** Aim of the task **
What you return must be every line from the beginning of the data through the line holding "Sewa Billboard Wastukencana Bandung", unchanged.

** Given records **
....
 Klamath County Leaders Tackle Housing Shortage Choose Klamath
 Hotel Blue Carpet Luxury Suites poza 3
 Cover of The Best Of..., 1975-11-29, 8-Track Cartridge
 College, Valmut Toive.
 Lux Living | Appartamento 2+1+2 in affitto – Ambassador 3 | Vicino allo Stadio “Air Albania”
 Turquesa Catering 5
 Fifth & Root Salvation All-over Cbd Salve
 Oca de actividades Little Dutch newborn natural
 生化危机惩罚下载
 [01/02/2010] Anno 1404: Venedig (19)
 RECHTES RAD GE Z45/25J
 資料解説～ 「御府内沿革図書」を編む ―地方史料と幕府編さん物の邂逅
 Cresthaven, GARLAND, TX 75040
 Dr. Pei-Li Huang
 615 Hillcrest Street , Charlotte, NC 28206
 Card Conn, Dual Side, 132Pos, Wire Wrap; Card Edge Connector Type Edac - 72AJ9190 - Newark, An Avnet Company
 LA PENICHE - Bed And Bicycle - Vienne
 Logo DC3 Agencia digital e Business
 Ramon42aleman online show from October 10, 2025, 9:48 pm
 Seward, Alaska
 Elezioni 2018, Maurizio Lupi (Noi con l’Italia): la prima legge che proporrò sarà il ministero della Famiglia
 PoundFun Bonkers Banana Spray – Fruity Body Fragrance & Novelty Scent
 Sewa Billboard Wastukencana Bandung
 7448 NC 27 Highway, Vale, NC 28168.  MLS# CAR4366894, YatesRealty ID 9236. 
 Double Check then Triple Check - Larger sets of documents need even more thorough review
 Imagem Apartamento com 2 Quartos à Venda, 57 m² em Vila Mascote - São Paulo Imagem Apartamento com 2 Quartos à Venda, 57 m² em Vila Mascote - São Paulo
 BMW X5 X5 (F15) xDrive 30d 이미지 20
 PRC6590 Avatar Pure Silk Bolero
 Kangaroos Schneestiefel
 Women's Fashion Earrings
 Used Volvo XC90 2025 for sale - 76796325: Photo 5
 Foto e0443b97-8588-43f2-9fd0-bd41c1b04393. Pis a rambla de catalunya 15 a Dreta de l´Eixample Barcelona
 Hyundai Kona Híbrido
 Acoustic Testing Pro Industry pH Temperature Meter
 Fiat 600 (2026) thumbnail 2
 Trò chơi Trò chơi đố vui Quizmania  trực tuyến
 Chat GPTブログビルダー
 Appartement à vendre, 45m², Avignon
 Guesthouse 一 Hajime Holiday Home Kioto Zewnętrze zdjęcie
....
** Task result **
 Klamath County Leaders Tackle Housing Shortage Choose Klamath
 Hotel Blue Carpet Luxury Suites poza 3
 Cover of The Best Of..., 1975-11-29, 8-Track Cartridge
 College, Valmut Toive.
 Lux Living | Appartamento 2+1+2 in affitto – Ambassador 3 | Vicino allo Stadio “Air Albania”
 Turquesa Catering 5
 Fifth & Root Salvation All-over Cbd Salve
 Oca de actividades Little Dutch newborn natural
 生化危机惩罚下载
 [01/02/2010] Anno 1404: Venedig (19)
 RECHTES RAD GE Z45/25J
 資料解説～ 「御府内沿革図書」を編む ―地方史料と幕府編さん物の邂逅
 Cresthaven, GARLAND, TX 75040
 Dr. Pei-Li Huang
 615 Hillcrest Street , Charlotte, NC 28206
 Card Conn, Dual Side, 132Pos, Wire Wrap; Card Edge Connector Type Edac - 72AJ9190 - Newark, An Avnet Company
 LA PENICHE - Bed And Bicycle - Vienne
 Logo DC3 Agencia digital e Business
 Ramon42aleman online show from October 10, 2025, 9:48 pm
 Seward, Alaska
 Elezioni 2018, Maurizio Lupi (Noi con l’Italia): la prima legge che proporrò sarà il ministero della Famiglia
 PoundFun Bonkers Banana Spray – Fruity Body Fragrance & Novelty Scent
 Sewa Billboard Wastukencana Bandung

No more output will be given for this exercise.